Records provided:
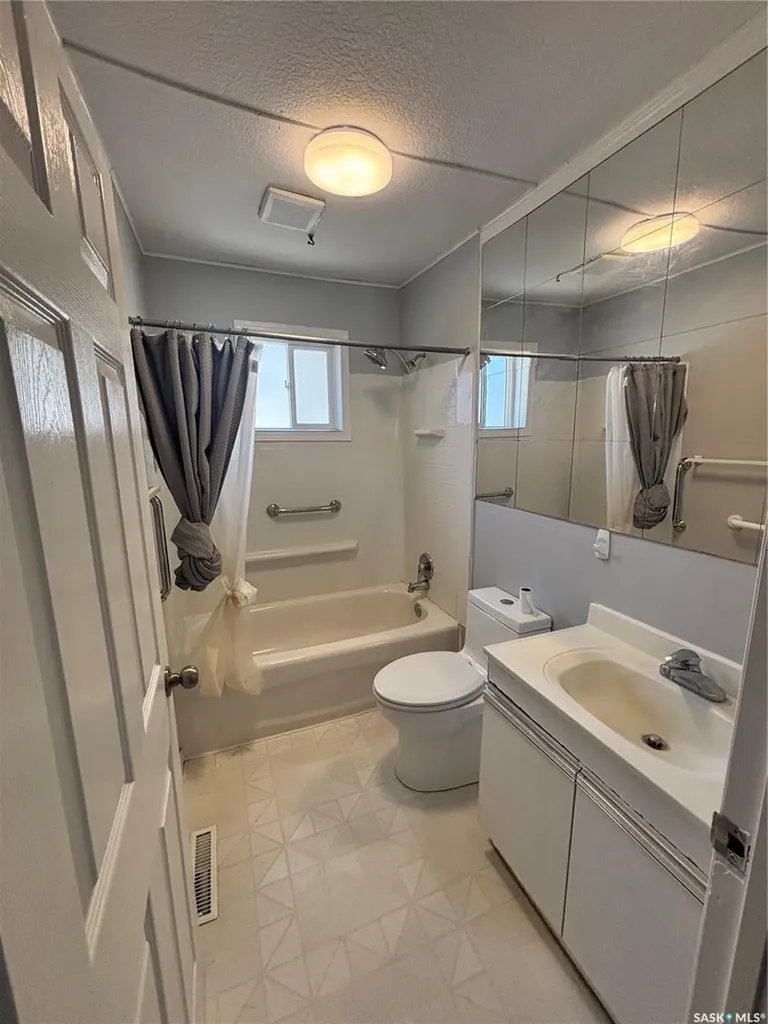 207 3rd Avenue W Kindersley SK S0L 1S0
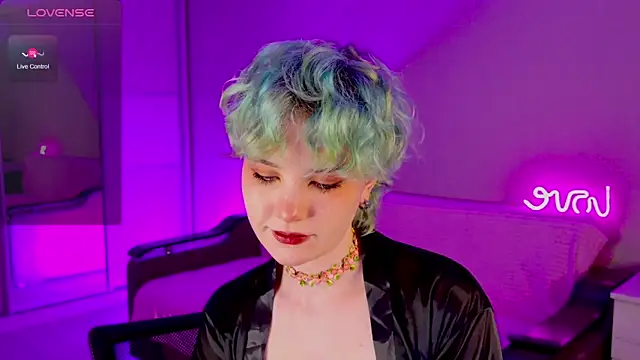 School Love online show from 01/12/25, 04:08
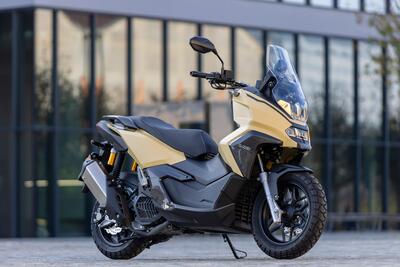 Rockville 125, il nuovo scooter sportivo di UM Motorcycles arriva in Italia
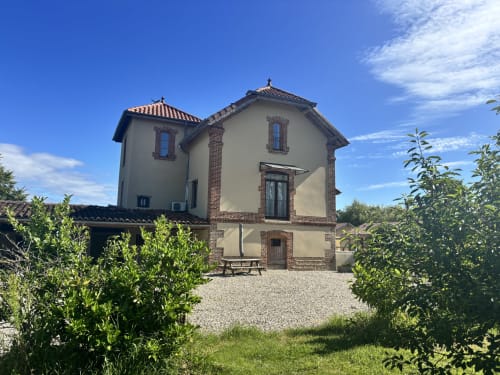 Le Domaine du Pin, une villa de style toscan à Romans avec toit en terre cuite, détails en brique et jardins paysagers
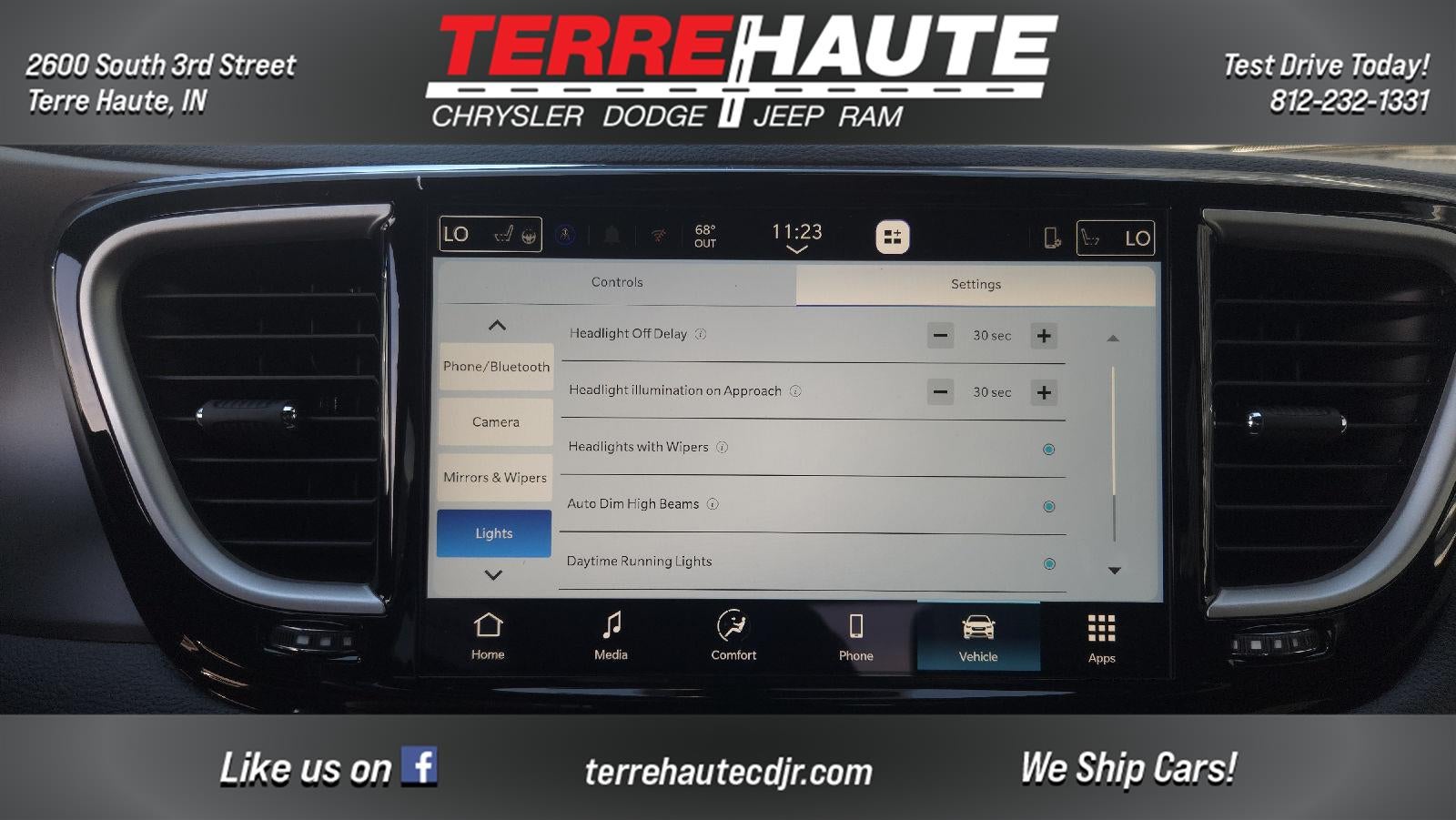 2027 Chrysler Pacifica Select
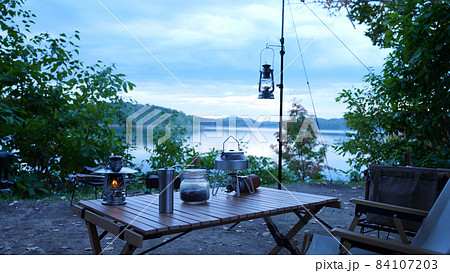 キャンプ アウトドア  キャンプ場  84107203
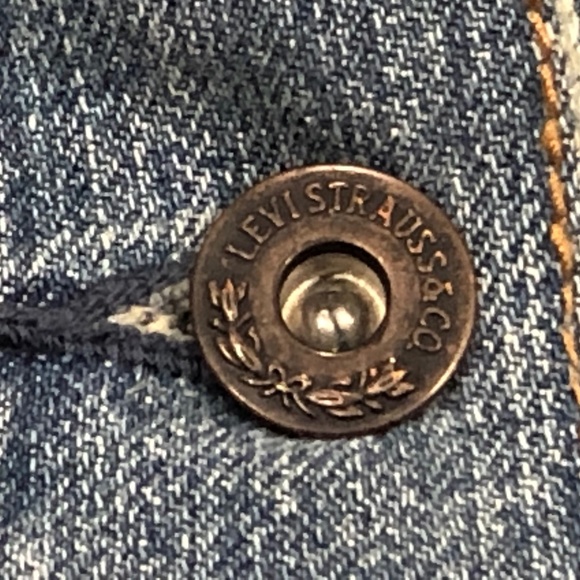 Levis Women's denim jacket size Medium Blue - Picture 2 of 5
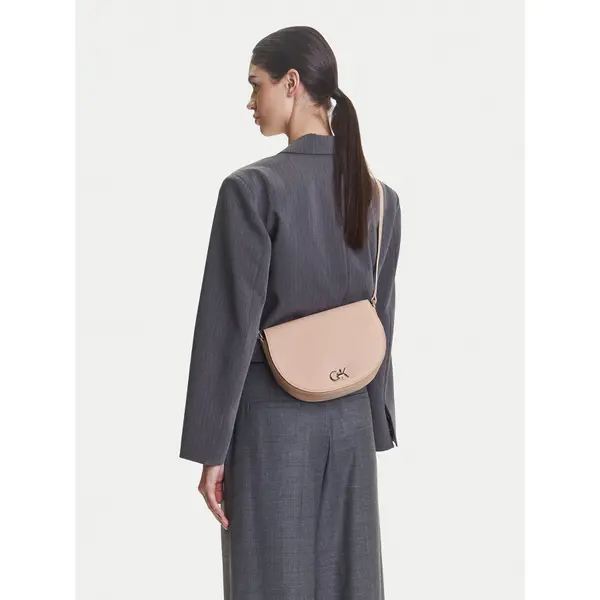 Calvin Klein Torbica Calvin Klein Ck Hw Crossbody Saddle Bag K60K613236 Ružičasta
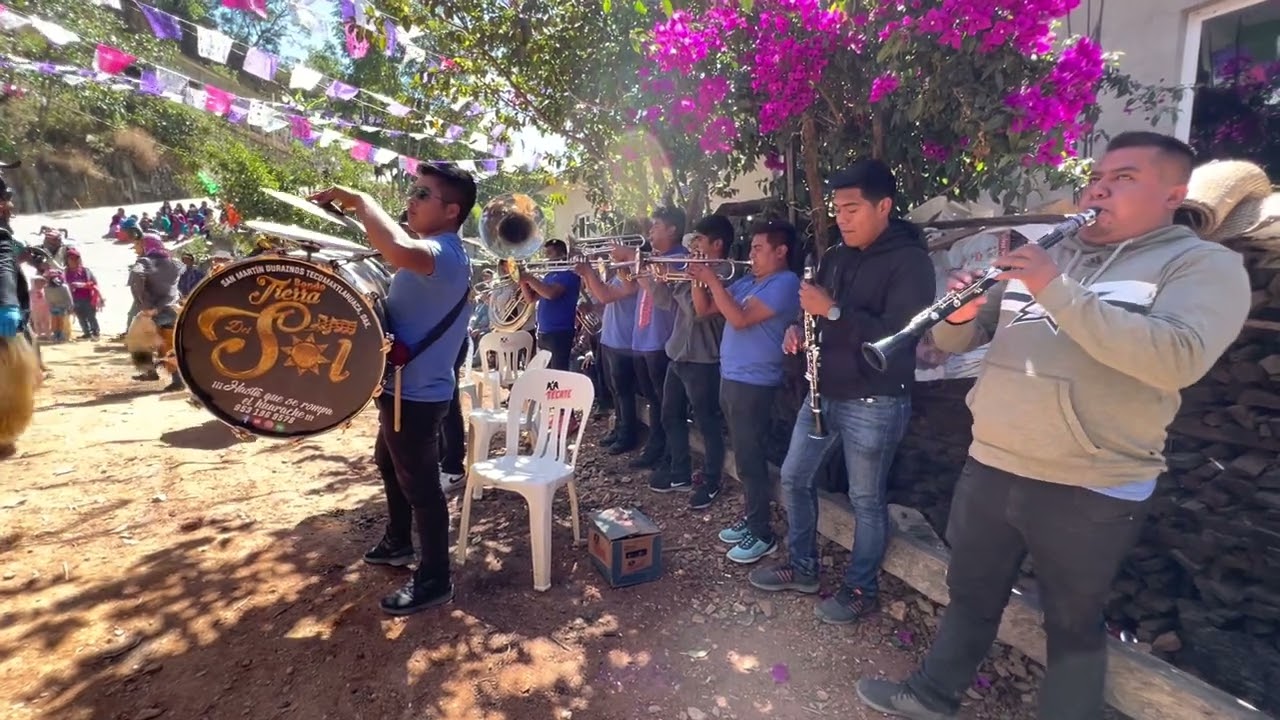El Trompetista Alegre VS Banda Tierra del Sol, ¿Qué estilo suena mas perrón? Tlaxiaco vs Juxtlahuaca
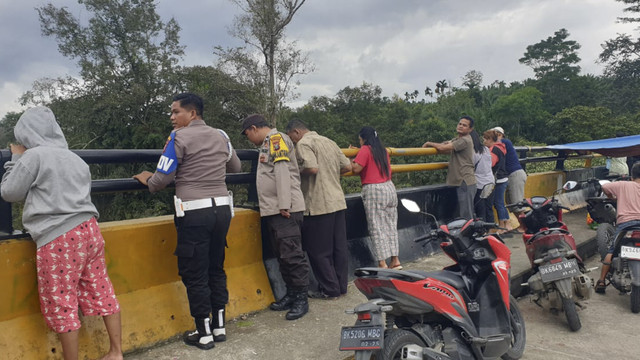 Polisi, Basarnas, hingga TNI melakukan pencarian terhadap Kades Bahagia di Deli Serdang yang hilang misterius. Foto: Dok. Istimewa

Task to carry out: All of the listing is to be written out exactly, with the pictures left out.

Output below:
 207 3rd Avenue W Kindersley SK S0L 1S0
 School Love online show from 01/12/25, 04:08
 Rockville 125, il nuovo scooter sportivo di UM Motorcycles arriva in Italia
 Le Domaine du Pin, une villa de style toscan à Romans avec toit en terre cuite, détails en brique et jardins paysagers
 2027 Chrysler Pacifica Select
 キャンプ アウトドア  キャンプ場  84107203
 Levis Women's denim jacket size Medium Blue - Picture 2 of 5
 Calvin Klein Torbica Calvin Klein Ck Hw Crossbody Saddle Bag K60K613236 Ružičasta
El Trompetista Alegre VS Banda Tierra del Sol, ¿Qué estilo suena mas perrón? Tlaxiaco vs Juxtlahuaca
 Polisi, Basarnas, hingga TNI melakukan pencarian terhadap Kades Bahagia di Deli Serdang yang hilang misterius. Foto: Dok. Istimewa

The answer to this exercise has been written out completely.